20

Ashe fing den Geruch von Asche als Erster auf; nun war er stärker und wehte mit dem Wind aus Westen heran. Dorndreher war bewusstlos geworden; seine Haut war grau und vom kalten Schweiß gesprenkelt, und er atmete flach. Sein Leben hing am seidenen Faden, und Ashe wusste, dass noch mindestens zwei Meilen vor ihnen lagen, bis er die Brände erreicht hatte, die die Asche in die Luft entsandten.

Seine Drachensinne tasteten sich voran, als er sich dem Wirtshaus näherte, in dem er Anborn finden würde. Aus einer Entfernung von fünf Meilen in jeder Richtung überschwemmten ihn wahllos alle Arten von Informationen wie eine Meeres welle: die Veränderungen im Herzschlag seines galoppierenden Reittieres, das unterschiedliche Gewicht des Schnees auf den einzelnen immergrünen Zweigen in dem ausgedehnten Wald; der Ruß im Gefieder des Schneezaunkönigs, der über ihnen in einem eisigen Aufwind kreiste. Ashe schluckte und schärfte seine Aufmerksamkeit. Er trieb den Drachen in seinem Blut dazu, sich auf das zu richten, was er suchte.

Er spürte es sofort. Eine kleine Herberge, erbaut aus dem verfaulenden Holz des Waldes, zwischen den Balken dick mit getrocknetem Lehm und Mörtel verschmiert, anderthalb Stockwerke hoch, die durch eine Treppe von zweifelhafter Standfestigkeit verbunden waren. Strohgedecktes Dach, der Boden mit Strohmatten belegt. Die Farbe abgeblättert von dem Schild vor dem Haus, auf dem einst nichts als ein krähender Hahn abgebildet war. Acht Feuerstellen zwei kürzlich entfachte, fünf halb aufgezehrte und eine kurz vor dem Erlöschen erhellten den Pfad vor der Herberge. Ashe wusste genau, wie lange sie schon gebrannt hatten; die Menge geschmolzenen Schnees um sie herum verriet es ihm.
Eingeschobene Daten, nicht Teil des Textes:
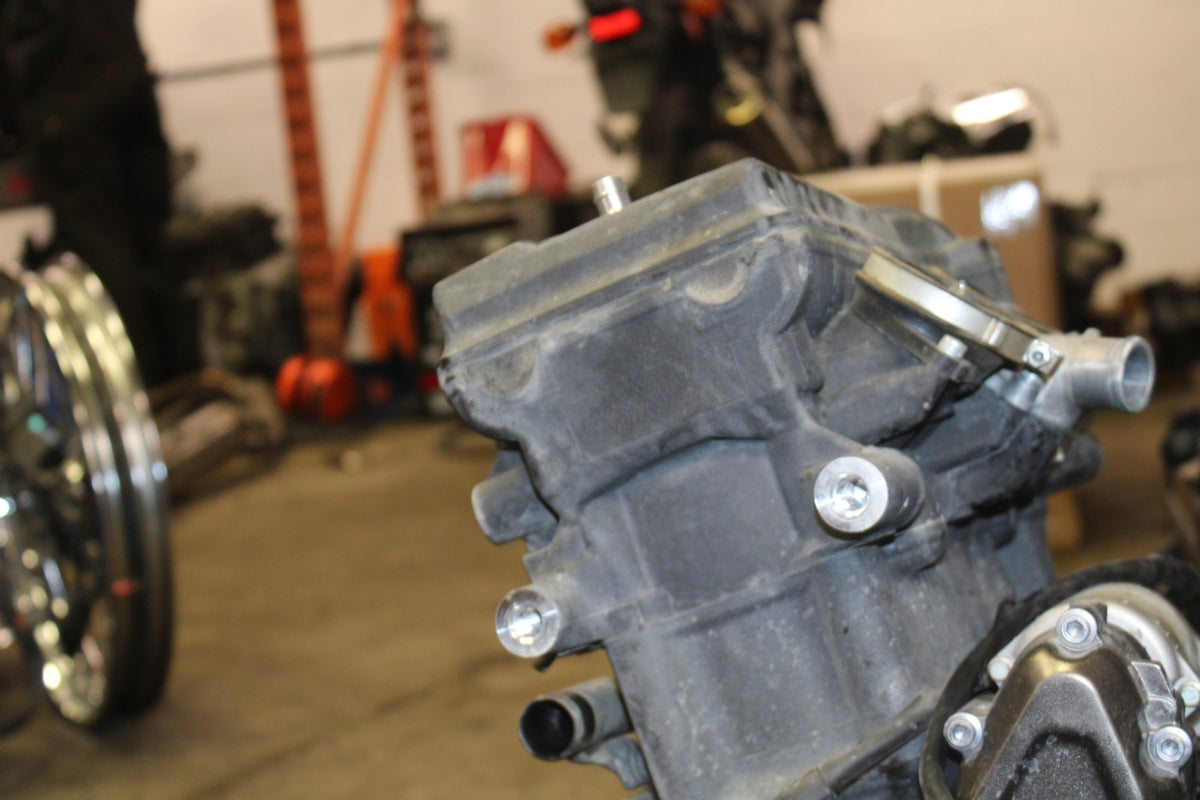 18 YAMAHA SUPER TENERE ENGINE MOTOR BB832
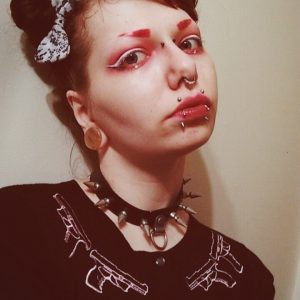 Salut toi, tu es beau mec ? 😉 Sandra - rencontre-Teen-Perpignan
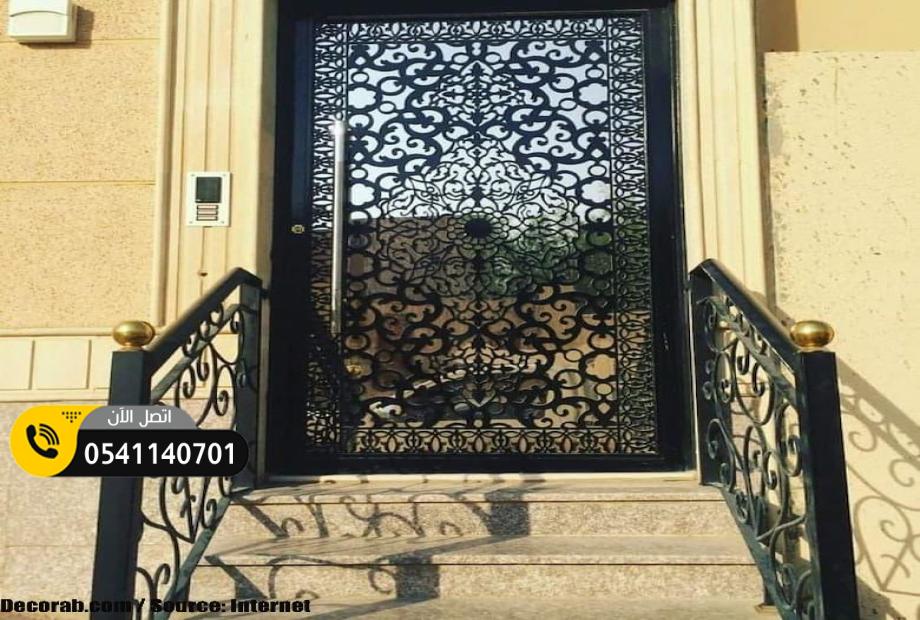 حداد أبواب حديد ليزر في جدة | تركيب أبواب ليزر حديد بجودة عالية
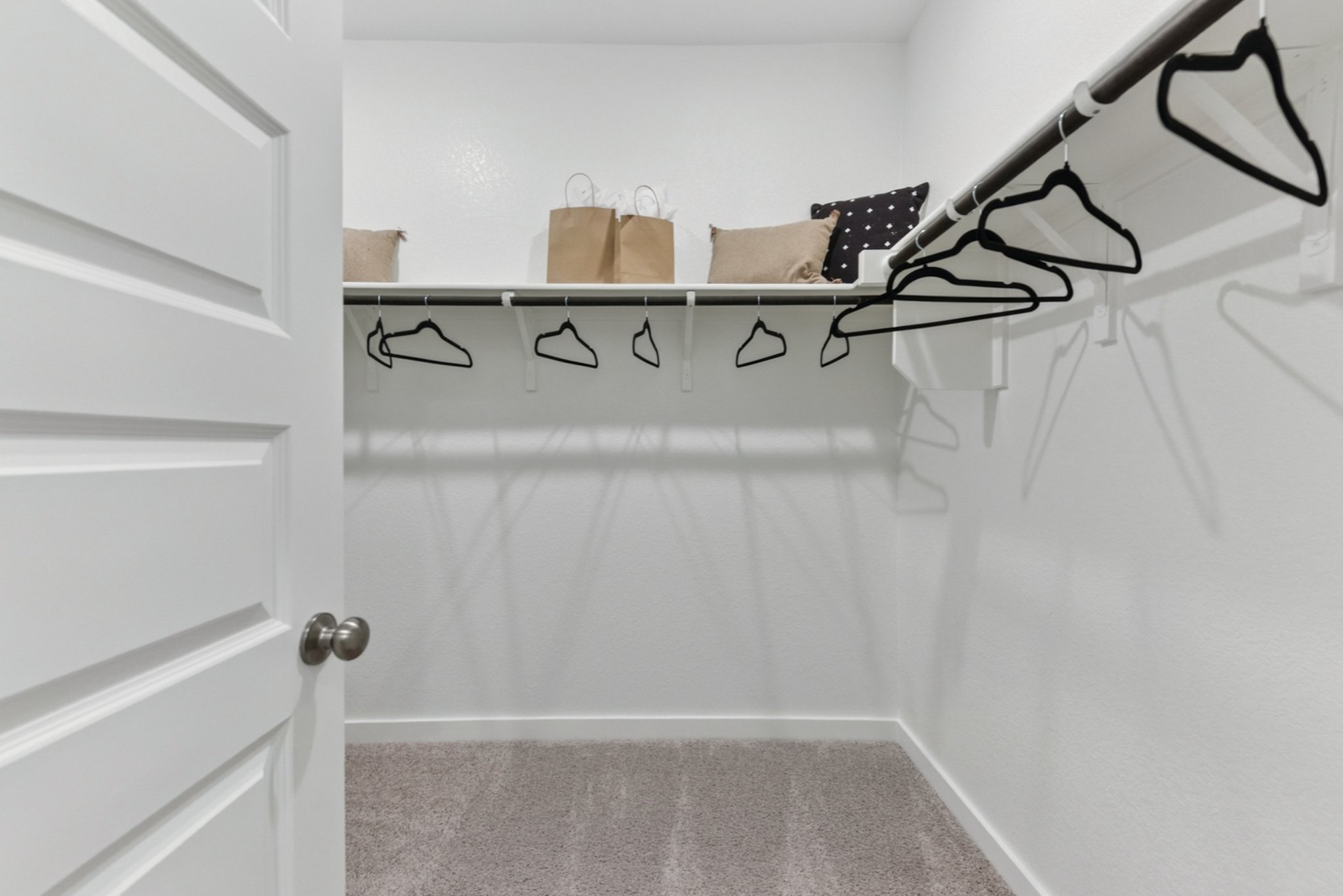 A bathroom with a shower curtain.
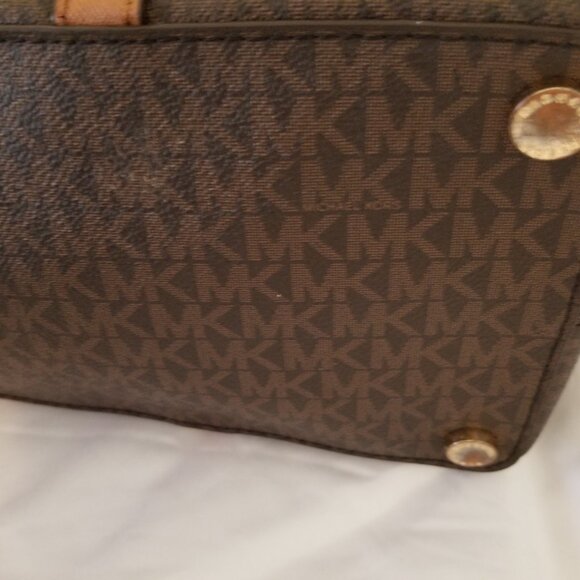 Michael Kors Signature MK Brown & Tan Large Tote Purse - Picture 8 of 14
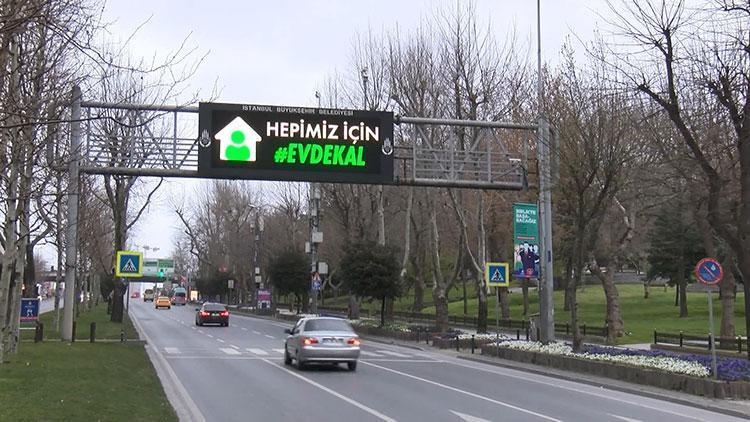 İstanbulda trafik tabelalarında Evde Kal uyarısı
Dorndreher jammerte bewusstlos, als Ashe den Wallach vorantrieb. Vier Reiter näherten sich ihnen, alle aus Nordwest. Er wusste, dass Anborn seine Gegenwart nicht verborgen geblieben war, auch wenn er zweifellos nicht ahnte, dass es Ashe war. Er hatte die Kapuze übergezogen und der Nebelumhang verhüllte ihn noch immer. Er rief, sobald seine Drachensinne ihm sagten, dass Ohren in der Nähe waren; sein Ruf traf mit dem verwehenden Jammern des Windes zusammen.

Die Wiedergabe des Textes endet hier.